Out-of-school places of learning and the cooperation with experiential education offers have been repeatedly tested in philosophy and ethics classes. However, there is a lack of valid studies on the acceptance, relevance and efficiency of such formats. Quantitatively robust and socially representative cohorts, pre- and post-testing, as well as comparison and intervention groups would be required. In addition, numerous confounding variables, such as teacher personality or the affinity of classes for experiential formats, will be difficult to address.

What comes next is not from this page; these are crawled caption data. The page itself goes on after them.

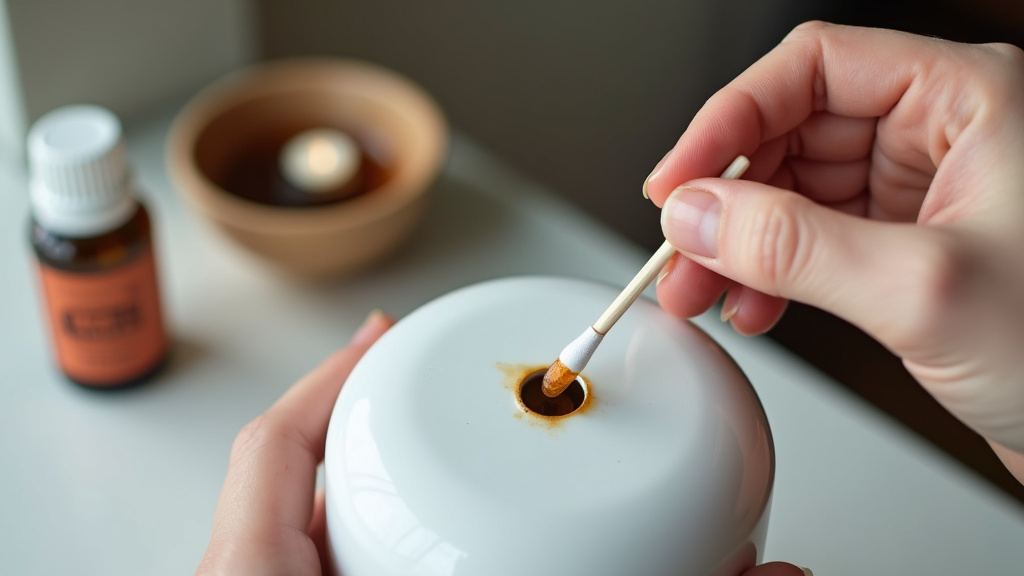 Cleaning a nebulizing diffuser nozzle with alcohol for essential oil safety.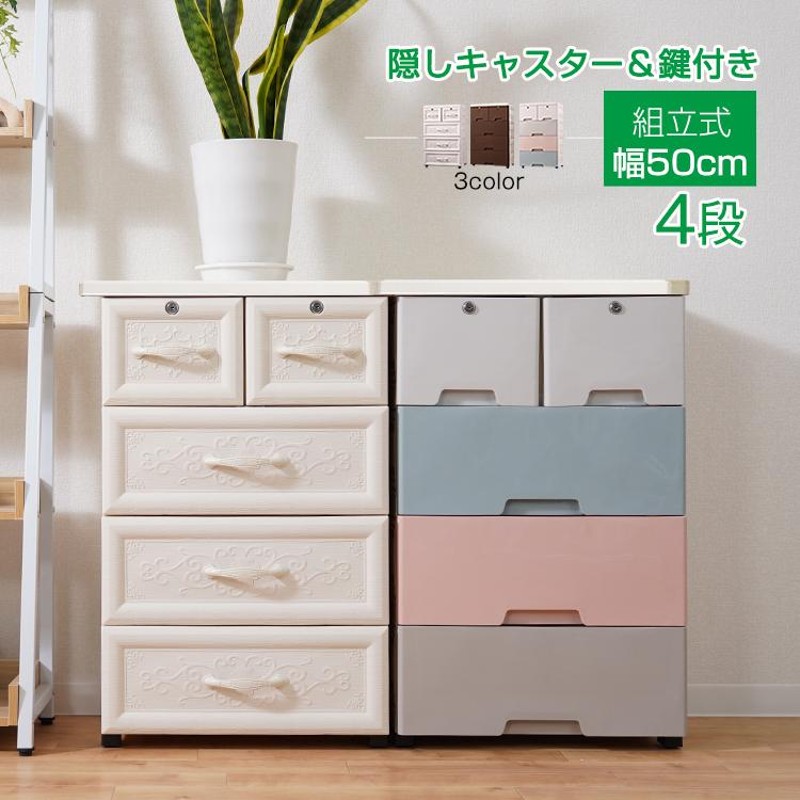 チェスト 洋服タンス ランドリーチェスト ストッパー付きキャスター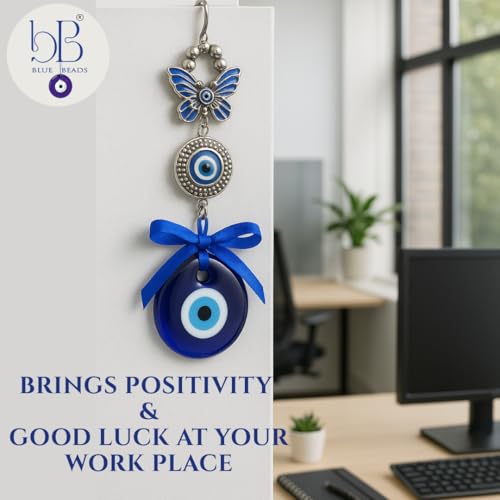 Image of BLUE BEADS Turkish Feng Shui Vastu Blue Glass Evil Eye Hanging /Door Hanging Nazar Batu for Protection and Good Luck - Perfect for Gifting Home or Office (Butterfly Evil Eye)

Nevertheless, there are empirical values that can be used to mirror subsequent studies. Over the past 15 years, I have conducted and evaluated corresponding excursions with pupils, students and teachers from Hamburg, Mainz, Berlin and Saxony. The tested experience formats and learning locations were as diverse as the topics of philosophy. They ranged from easy-to-organize night hikes to excursions lasting several days to other German states. Purely observational tasks, such as studying football fans in Mainz and Pegida marches in Dresden, alternated with visits to memorials and juvenile detention centers, as well as outdoor activities, such as canoeing on northern German lakes or climbing in Saxon Switzerland. The emotional quality of the encounters was also varied. They ranged from team building in a climbing garden to visits to a hospice. The type of cooperation partners ranged from martial arts trainers to professional memorial site educators. To illustrate the limited replicability, I will take the liberty of mentioning the most impressive seminar in this series. In the summer semester of 2015, my students and I enjoyed the privilege of accompanying and mentoring survivors of the Sachsenhausen concentration camp for 3 days on the occasion of the 70th anniversary of the liberation.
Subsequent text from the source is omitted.